A few weeks ago, the Plenary session of the Constitutional Court dismissed by majority the appeal of unconstitutionality presented by the PP against three points of the Royal Decree-Law 1/2021, of January 19, on the protection of consumers and users in situations of social and economic vulnerabilityalready repealed, and another paragraph of its preamble, which modifies Royal Decree-Law 11/2020, of March 31, by which urgent complementary measures are adopted in the social and economic field to deal with covid-19.

The sentence had the particular vote of two of the judges of the Constitutional Court, the judges Concepción Espejel and Enrique Arnaldowho affirmed that the decree had to have been declared unconstitutional because it exceeded and exceeded the material limits that the Article 86.1 of the Constitution imposes decree-laws. Said limits prohibit this resource of governments from affecting the rights of citizens recognized in Title I of the Constitution, among which is the right to property.

Direct blow to the right to property

“The current regulation deprives owners of the use and enjoyment of the home and limits their power to dispose of it by the individuals affected by the rule,” they highlight. However, “they must continue to cover the corresponding tax charges, the expenses inherent to the property and the consumption enjoyed by third parties.”

The magistrates believe that the power to dispose of the home by the owners is severely limited. And this is aggravated because, according to them, the regulations act for the “benefit of those convicted in criminal proceedings (for illegally squatting a property), to the detriment of the rights of injured owners.”

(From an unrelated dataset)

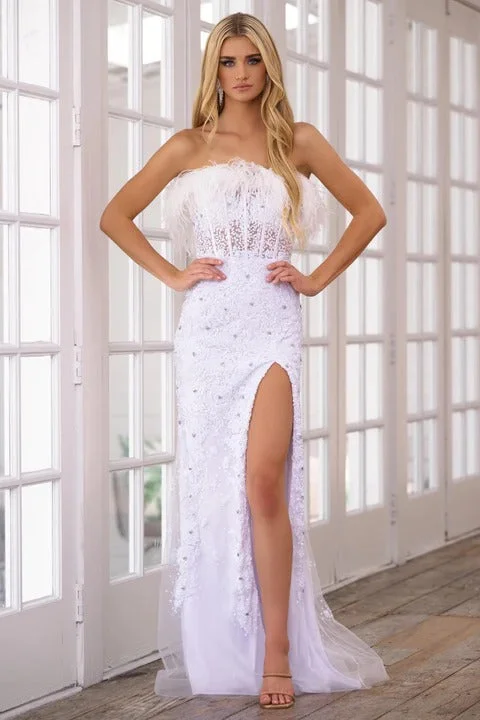 Stock Up and Save Ava Presley 39231 Long Fitted Feather Prom Gown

The effects of a crime already sentenced are prolonged

For Espejel and Arnaldo, the right to effective judicial protection of the injured parties (the owners) is affected in terms of the right to enforceability of final judgments. The extension of the anti-eviction measures supposes the suspension of pitches of the inhabitants of illegally occupied houses, which “favors those who occupy a house without any title, prolonging the effects of the same to the detriment of the affected”. And it is that, they add that, in no case “can it be considered justified by the allusion to the social function of property that the public powers must guarantee.”

And it is that, in addition, the owners “must continue to bear the tax burden corresponding, the bills inherent to the property and the consumption enjoyed by third parties”.

Illegitimate use of the decree-law

Another part of the particular vote of both magistrates maintains that the government used an inappropriate mechanism in the use of a royal-decree to legislate on the protection of consumers and users in situations of social and economic vulnerability.

“The situation that did not respond to the extraordinary and urgent need that is established for this type of circumstance,” they say. “It is not, in any way, a clause or expression empty of meaning within which the margin of political appreciation of the Government moves freely without any restriction, but a true legal limit to action through decree-laws”, and it is at the same time The Constitutional Court itself, to which it is responsible, ensures that the public powers are within the framework of the Constitution. Espejel affirms that as in the alarm decrees during the confinement heThe power was reserved to the Cortes Generales and not only to the Government of the Nation.